Hubie enjoyed decent success early on taking the Knicks to the semifinals in his first 2 seasons with the team. However, debilitating injuries to both Bill Cartwright (foot) and Bernard King (knee) put the Knicks on a downward spiral for the rest of his tenure. Patrick Ewing also missed 32 games during his rookie campaign due to various injuries, including his knee. Essentially Hubie never had a full squad after the 1983-84 campaign.
Additionally, his high intensity and rigid approach to coaching eventually wore off on the team. His insistence for 10 man rotations and a peculiar decision to play Ewing at power forward alongside Cartwright marked a disappointing end to his Knicks tenure. After the Knicks fired Hubie in 1986, he didn’t return to coaching until 2002 with the Memphis Grizzlies.
April 22nd 1984: Bernard King scored 46 points to defeat the Pistons in Game 3 of the Eastern Conference Quarterfinals
Days after Bernard King scored 46 points in a Game 2 loss, he scored 46 again in a 120-113 Game 3 victory at home. King was literally unstoppable on offense, hitting 19-27 from the floor and 8-12 from the foul line. He went head-to-head with Kelly Tripucka (former MSG studio analyst) who also had 40 points. Unlike Game 2, King received some help on the offensive end. The Knicks had 6 players score in double figures, including King, Cartwright (20 points), & Rory Sparrow (14 points). King & Sparrow had double doubles with 10 rebounds and 10 assists respectively.
The Pistons only scored 36 points in the 1st half and trailed by 18 points. They, however, climbed back in the 2nd half and scored a team record 77 points in the 2nd half.
This game marked a stretch of 4 straight 40 point games for King. He would score 40 points 6 times during the Knicks’ 1984 playoff run.
April 11th 1988: Patrick Ewing scores 36 and hits the go-ahead fade-away to defeat the Detroit Pistons in Overtime
Patrick Ewing carried the Knicks on offense with 36 points, on 11-15 from the field and 14-20 from the free throw line, to help defeat the Detroit Pistons 114-111 in overtime. Ewing hit the go-ahead fade away jumper to put the Knicks up 1 and was fouled on the play by Isiah Thomas. While Ewing couldn’t convert the 3 point play, Dennis Rodman was not able to secure the defensive rebound. Johnny Newman eventually went to the line to hit the two clutch free throws to put the Knicks up by 3 to win the game.
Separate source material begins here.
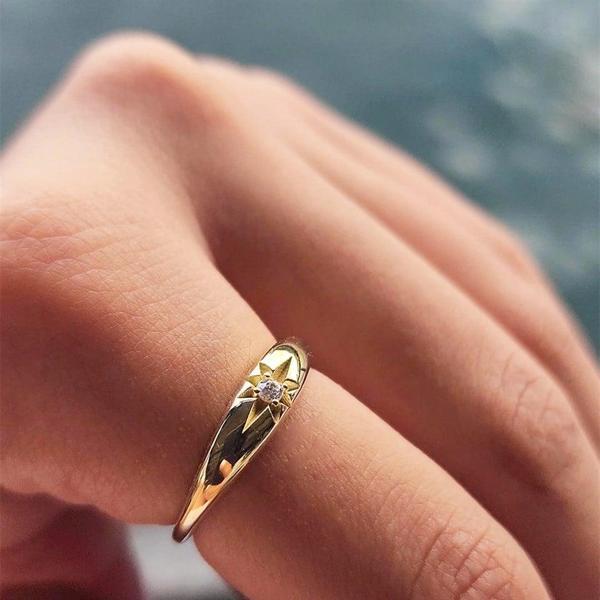 Signity Taşlı Kuzey Yıldızı Minimal 925 Ayar Gümüş Yüzük-Hediye Gümüş Yüzük - Image 1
The Knicks, led by Rick Pitino, employed their two center rotation during stretches of the game to overwhelm the Pistons. Bill Cartwright scored 21 points off the bench in 35 minutes.
Furthermore, Mark Jackson clinched the NBA rookie record for most assists/game with a near-triple double effort. Jackson had a near triple double with 13 points, 8 rebounds, 13 assists, and 5 steals. He went on to average 10.6 assists/game to win the NBA Rookie of the Year award.